§ AIM OF THE TASK: Would you restate each entry word for word, omitting the pictures?

§ GIVEN ENTRIES:
══════════
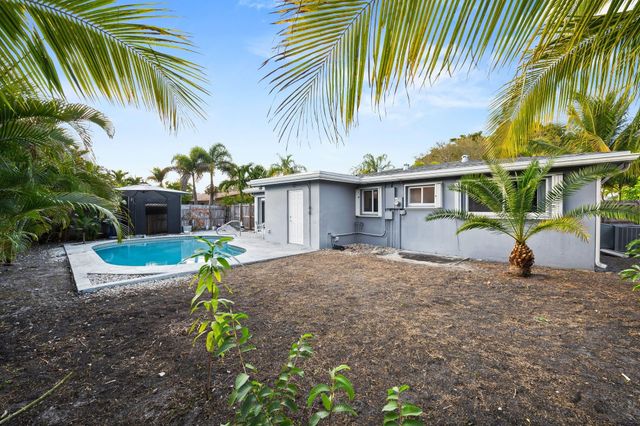 2152 NE 62nd Street, Fort Lauderdale, FL 33308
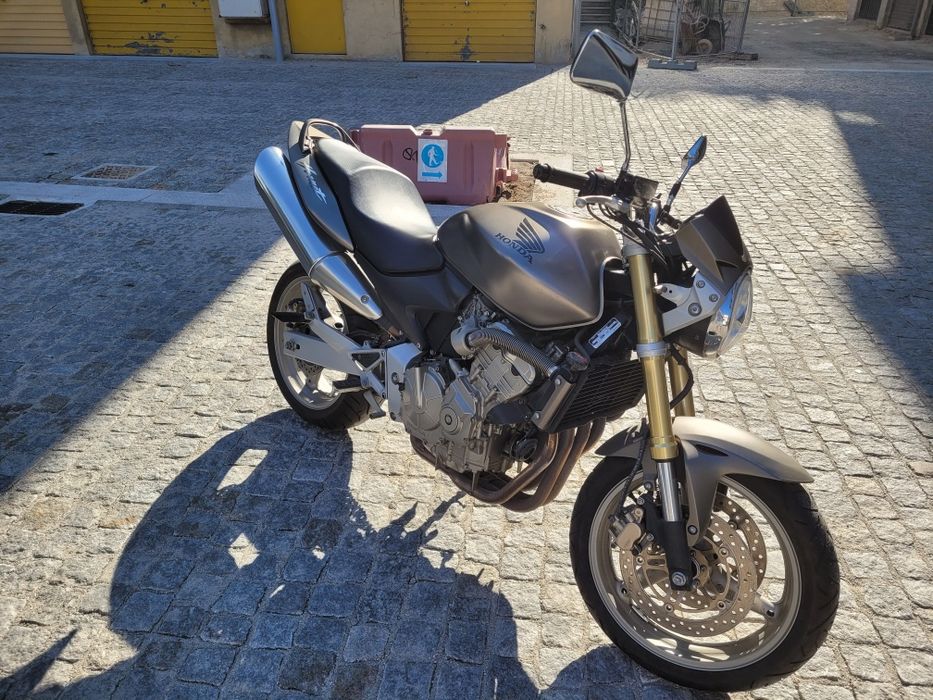Hornet 600 como nova  2006 poucos kms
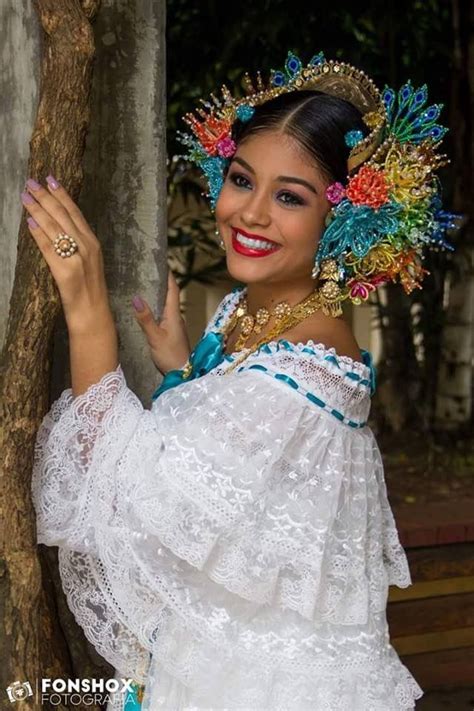 Panama Pollera Beautiful Mexican Women Folkloric Dress National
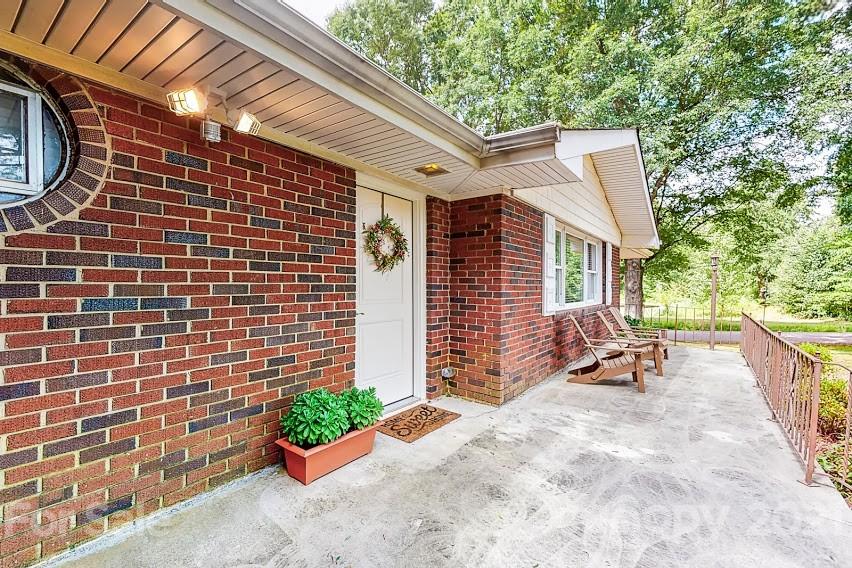 1011 Pump Station Road Kannapolis, NC 28081 - Photo 3 of 39 Gallery Image 3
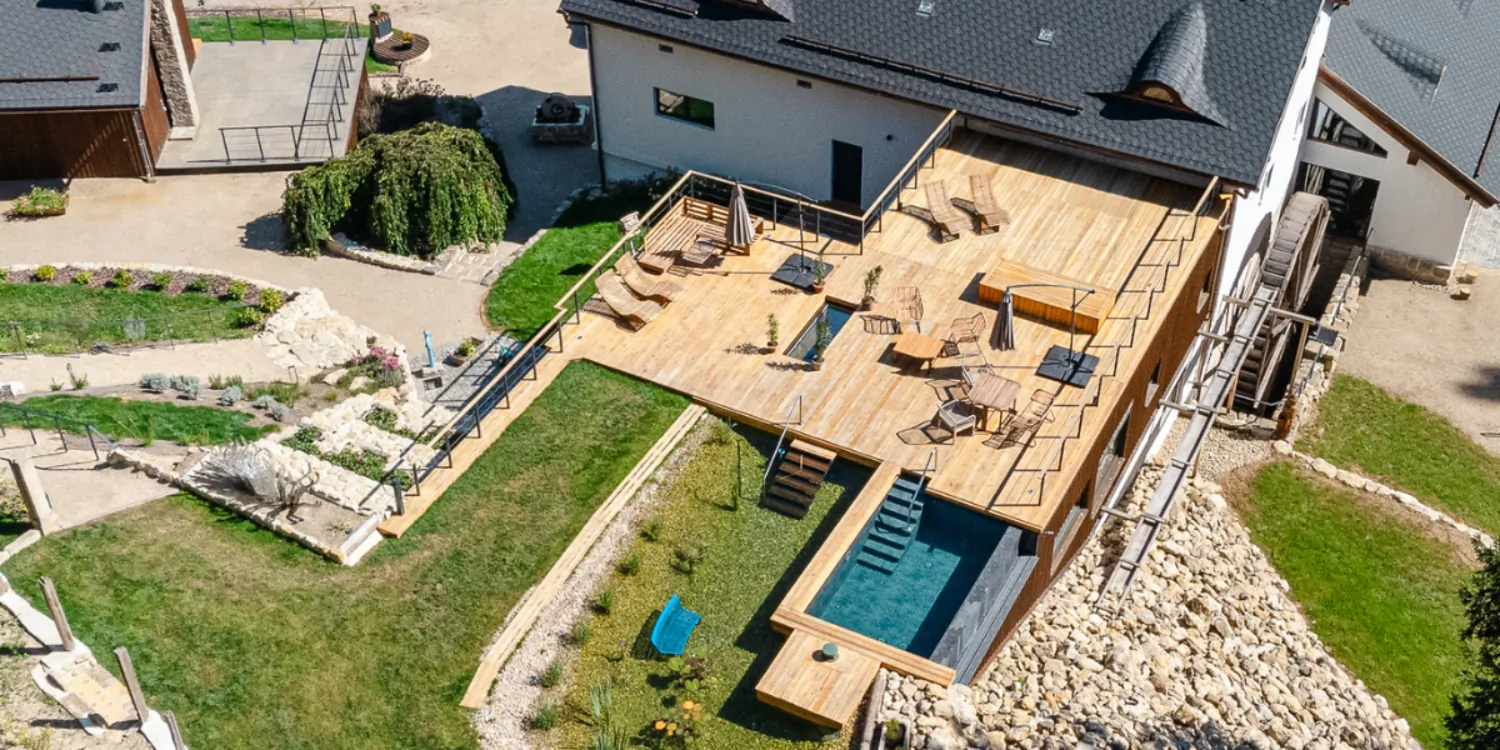 Sundeck 1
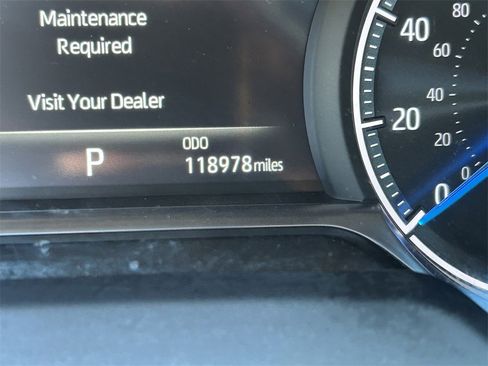 Used 2022 Toyota Venza Limited image 26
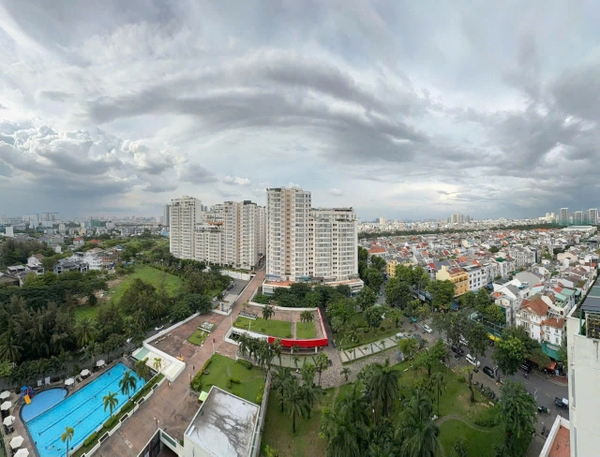 PENTHOUSE SKY GARDEN 2 PHU MY HUNG FOR RENT WITH 5 BEDROOMS | FULLY FURNISHED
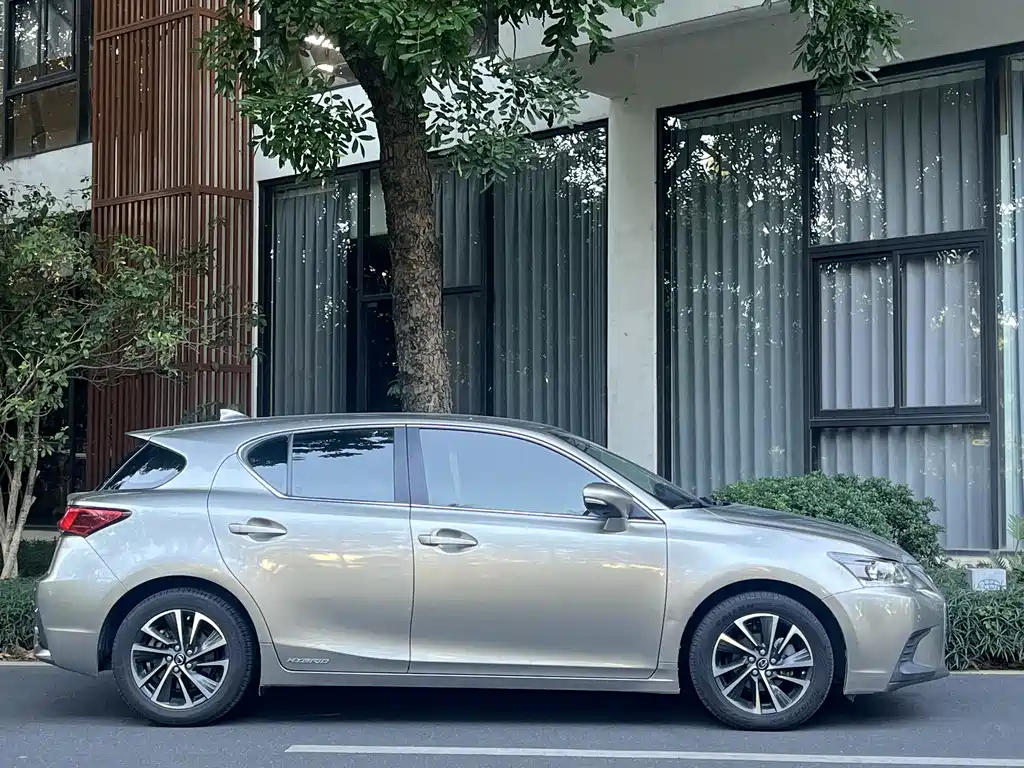 Lexus CT CT200 h Elite Mono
══════════
§ ANSWER BOX:
 2152 NE 62nd Street, Fort Lauderdale, FL 33308
Hornet 600 como nova  2006 poucos kms
 Panama Pollera Beautiful Mexican Women Folkloric Dress National
 1011 Pump Station Road Kannapolis, NC 28081 - Photo 3 of 39 Gallery Image 3
 Sundeck 1
 Used 2022 Toyota Venza Limited image 26
 PENTHOUSE SKY GARDEN 2 PHU MY HUNG FOR RENT WITH 5 BEDROOMS | FULLY FURNISHED
 Lexus CT CT200 h Elite Mono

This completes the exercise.